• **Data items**
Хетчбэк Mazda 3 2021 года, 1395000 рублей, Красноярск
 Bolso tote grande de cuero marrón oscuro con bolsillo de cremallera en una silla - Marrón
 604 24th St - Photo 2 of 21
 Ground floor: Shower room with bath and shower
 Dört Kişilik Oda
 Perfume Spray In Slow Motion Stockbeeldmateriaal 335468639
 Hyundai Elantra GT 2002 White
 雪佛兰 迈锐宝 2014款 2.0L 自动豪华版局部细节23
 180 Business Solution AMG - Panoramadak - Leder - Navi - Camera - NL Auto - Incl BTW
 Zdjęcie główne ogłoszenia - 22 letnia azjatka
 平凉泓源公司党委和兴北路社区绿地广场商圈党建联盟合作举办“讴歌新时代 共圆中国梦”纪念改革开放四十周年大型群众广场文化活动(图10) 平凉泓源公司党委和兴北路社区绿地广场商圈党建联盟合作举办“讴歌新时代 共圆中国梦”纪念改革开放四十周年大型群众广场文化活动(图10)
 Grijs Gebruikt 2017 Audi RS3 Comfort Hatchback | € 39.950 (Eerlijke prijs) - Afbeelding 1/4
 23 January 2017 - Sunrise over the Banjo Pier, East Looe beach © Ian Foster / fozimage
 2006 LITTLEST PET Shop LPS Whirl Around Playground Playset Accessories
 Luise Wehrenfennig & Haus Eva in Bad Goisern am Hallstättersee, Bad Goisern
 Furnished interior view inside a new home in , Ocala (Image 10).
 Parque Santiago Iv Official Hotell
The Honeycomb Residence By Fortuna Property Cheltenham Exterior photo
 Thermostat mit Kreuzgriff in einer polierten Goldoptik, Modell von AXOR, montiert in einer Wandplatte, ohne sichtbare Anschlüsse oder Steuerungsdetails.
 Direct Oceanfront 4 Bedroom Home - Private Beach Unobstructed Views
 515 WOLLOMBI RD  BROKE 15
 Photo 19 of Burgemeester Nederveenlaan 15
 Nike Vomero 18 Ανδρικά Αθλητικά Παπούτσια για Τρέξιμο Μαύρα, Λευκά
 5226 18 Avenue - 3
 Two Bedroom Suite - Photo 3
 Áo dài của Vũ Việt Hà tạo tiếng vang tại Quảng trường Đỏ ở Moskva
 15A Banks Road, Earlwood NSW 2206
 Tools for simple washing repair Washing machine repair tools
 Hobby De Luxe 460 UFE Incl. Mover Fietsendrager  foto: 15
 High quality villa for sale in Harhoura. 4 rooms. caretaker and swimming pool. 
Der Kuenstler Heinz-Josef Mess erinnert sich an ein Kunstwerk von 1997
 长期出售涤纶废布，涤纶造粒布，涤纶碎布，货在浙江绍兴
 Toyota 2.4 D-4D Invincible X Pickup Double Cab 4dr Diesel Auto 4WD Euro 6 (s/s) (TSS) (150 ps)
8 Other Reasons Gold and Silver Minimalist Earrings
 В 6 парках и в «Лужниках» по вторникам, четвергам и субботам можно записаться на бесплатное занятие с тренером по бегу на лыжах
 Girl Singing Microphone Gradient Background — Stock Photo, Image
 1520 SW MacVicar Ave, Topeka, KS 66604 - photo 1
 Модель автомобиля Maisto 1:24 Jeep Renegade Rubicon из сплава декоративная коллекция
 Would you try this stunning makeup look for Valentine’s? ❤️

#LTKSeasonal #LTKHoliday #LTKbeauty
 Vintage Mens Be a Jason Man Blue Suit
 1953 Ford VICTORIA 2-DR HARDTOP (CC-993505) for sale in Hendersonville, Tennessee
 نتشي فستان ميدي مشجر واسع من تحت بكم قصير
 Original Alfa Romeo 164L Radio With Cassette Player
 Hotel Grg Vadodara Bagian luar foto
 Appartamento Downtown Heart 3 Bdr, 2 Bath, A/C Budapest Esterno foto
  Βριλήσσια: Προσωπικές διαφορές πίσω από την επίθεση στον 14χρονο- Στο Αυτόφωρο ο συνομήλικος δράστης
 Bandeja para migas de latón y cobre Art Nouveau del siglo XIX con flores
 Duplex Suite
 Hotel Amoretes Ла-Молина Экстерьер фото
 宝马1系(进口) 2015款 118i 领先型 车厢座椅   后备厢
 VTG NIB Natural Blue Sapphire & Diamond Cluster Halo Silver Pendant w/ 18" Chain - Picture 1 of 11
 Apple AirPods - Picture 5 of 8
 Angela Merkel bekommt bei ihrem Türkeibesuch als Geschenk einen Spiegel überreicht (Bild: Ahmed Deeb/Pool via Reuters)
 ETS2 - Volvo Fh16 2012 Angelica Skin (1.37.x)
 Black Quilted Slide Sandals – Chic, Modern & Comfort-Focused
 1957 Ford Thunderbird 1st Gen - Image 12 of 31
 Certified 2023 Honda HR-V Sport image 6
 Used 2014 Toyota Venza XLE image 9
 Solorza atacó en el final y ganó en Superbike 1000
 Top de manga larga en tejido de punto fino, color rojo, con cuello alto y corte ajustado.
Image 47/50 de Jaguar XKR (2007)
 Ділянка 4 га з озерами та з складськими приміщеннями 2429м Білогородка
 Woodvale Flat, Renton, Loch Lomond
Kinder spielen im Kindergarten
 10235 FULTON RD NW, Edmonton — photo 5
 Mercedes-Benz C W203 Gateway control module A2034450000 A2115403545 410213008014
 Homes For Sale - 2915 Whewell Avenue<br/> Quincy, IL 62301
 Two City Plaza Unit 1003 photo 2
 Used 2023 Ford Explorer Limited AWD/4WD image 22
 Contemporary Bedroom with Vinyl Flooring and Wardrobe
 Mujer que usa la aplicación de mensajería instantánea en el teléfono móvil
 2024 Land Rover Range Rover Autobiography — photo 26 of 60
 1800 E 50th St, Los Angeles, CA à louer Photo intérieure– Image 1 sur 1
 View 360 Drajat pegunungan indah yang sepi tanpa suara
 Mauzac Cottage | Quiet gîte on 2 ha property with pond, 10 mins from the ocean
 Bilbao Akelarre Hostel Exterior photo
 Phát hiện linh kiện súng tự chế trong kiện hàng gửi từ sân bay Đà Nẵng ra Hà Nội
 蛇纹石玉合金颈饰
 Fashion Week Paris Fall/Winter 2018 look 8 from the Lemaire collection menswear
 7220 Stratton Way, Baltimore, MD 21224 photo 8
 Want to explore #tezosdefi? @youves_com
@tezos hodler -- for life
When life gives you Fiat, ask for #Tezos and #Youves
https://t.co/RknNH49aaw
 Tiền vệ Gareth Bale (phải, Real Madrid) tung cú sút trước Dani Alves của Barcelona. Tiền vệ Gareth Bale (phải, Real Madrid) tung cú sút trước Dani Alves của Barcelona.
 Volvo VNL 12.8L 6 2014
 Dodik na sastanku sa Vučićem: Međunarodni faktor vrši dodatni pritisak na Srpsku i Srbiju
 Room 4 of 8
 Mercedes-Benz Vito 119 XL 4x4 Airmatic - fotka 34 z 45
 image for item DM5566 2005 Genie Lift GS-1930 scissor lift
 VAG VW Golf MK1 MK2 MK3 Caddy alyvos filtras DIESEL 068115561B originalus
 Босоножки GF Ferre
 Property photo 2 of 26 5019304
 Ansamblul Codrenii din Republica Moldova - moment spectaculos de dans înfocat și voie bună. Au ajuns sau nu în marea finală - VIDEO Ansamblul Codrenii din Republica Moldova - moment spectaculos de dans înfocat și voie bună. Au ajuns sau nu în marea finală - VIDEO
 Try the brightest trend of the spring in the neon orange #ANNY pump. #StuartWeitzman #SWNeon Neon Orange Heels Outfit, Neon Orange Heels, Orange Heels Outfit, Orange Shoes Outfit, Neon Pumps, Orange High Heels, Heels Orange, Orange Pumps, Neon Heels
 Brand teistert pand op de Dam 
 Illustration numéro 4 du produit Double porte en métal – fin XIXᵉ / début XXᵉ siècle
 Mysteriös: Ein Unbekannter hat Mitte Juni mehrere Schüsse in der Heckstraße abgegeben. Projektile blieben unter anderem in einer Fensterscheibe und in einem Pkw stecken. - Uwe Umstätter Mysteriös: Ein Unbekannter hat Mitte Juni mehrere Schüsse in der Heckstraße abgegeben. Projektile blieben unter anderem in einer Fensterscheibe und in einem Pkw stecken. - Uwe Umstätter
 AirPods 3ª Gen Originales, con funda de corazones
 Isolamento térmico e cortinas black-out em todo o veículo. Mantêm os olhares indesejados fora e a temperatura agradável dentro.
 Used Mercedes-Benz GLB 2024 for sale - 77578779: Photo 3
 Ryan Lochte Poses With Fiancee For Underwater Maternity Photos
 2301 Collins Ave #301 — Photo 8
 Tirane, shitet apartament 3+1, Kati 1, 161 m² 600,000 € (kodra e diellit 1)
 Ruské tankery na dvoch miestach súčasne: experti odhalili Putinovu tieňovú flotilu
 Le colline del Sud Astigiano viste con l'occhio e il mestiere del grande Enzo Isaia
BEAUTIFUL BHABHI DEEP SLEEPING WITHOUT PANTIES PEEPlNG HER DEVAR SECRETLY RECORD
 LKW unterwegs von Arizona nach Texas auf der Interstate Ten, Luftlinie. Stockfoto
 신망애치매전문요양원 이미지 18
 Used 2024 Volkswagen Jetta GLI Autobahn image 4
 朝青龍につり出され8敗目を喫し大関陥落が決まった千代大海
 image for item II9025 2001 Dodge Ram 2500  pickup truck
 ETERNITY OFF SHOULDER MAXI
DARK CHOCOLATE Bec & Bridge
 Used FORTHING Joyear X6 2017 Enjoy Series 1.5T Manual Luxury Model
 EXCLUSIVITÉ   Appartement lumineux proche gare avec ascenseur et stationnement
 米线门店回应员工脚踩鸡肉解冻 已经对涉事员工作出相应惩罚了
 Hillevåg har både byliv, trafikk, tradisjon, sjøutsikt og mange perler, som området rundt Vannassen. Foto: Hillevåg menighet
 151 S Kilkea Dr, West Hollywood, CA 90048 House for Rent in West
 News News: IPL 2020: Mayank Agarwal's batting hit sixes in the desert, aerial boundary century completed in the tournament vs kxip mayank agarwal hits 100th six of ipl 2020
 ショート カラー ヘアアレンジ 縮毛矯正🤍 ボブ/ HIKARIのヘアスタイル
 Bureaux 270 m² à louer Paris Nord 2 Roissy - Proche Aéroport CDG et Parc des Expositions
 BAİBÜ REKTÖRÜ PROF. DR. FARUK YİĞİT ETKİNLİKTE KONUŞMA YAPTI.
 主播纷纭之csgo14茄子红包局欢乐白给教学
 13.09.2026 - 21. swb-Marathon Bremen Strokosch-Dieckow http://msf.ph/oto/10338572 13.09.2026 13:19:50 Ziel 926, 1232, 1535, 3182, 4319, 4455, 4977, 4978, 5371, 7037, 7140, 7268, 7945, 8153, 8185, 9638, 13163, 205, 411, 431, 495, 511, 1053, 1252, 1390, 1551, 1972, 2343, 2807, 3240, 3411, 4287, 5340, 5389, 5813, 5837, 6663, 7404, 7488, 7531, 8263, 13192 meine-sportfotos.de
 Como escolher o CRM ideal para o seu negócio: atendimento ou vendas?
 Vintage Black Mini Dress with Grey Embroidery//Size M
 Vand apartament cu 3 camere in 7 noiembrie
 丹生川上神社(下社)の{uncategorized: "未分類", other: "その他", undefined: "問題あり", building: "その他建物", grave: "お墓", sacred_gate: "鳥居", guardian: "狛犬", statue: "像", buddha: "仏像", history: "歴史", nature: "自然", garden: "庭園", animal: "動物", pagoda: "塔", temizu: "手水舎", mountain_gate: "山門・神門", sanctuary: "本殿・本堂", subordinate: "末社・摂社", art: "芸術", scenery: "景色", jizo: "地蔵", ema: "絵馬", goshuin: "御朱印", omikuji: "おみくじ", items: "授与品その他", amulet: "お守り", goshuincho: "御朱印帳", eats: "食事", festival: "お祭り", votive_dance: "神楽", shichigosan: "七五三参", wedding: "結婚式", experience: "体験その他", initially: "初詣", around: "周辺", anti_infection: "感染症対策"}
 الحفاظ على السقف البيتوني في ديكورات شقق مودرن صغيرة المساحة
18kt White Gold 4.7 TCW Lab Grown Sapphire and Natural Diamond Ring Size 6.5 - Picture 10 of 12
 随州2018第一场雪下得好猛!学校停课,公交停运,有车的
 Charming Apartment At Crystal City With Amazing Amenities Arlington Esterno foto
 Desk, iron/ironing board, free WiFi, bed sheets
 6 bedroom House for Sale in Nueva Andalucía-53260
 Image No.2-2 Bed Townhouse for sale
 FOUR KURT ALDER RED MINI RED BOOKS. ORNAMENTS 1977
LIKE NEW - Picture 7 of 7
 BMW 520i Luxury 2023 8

• **Action item**
Repeat, exactly as they stand above, the lines from the line with "Contemporary Bedroom with" to the line with "Want to explore #tezosdefi? @youves_com", both lines included.

• **Task response**
 Contemporary Bedroom with Vinyl Flooring and Wardrobe
 Mujer que usa la aplicación de mensajería instantánea en el teléfono móvil
 2024 Land Rover Range Rover Autobiography — photo 26 of 60
 1800 E 50th St, Los Angeles, CA à louer Photo intérieure– Image 1 sur 1
 View 360 Drajat pegunungan indah yang sepi tanpa suara
 Mauzac Cottage | Quiet gîte on 2 ha property with pond, 10 mins from the ocean
 Bilbao Akelarre Hostel Exterior photo
 Phát hiện linh kiện súng tự chế trong kiện hàng gửi từ sân bay Đà Nẵng ra Hà Nội
 蛇纹石玉合金颈饰
 Fashion Week Paris Fall/Winter 2018 look 8 from the Lemaire collection menswear
 7220 Stratton Way, Baltimore, MD 21224 photo 8
 Want to explore #tezosdefi? @youves_com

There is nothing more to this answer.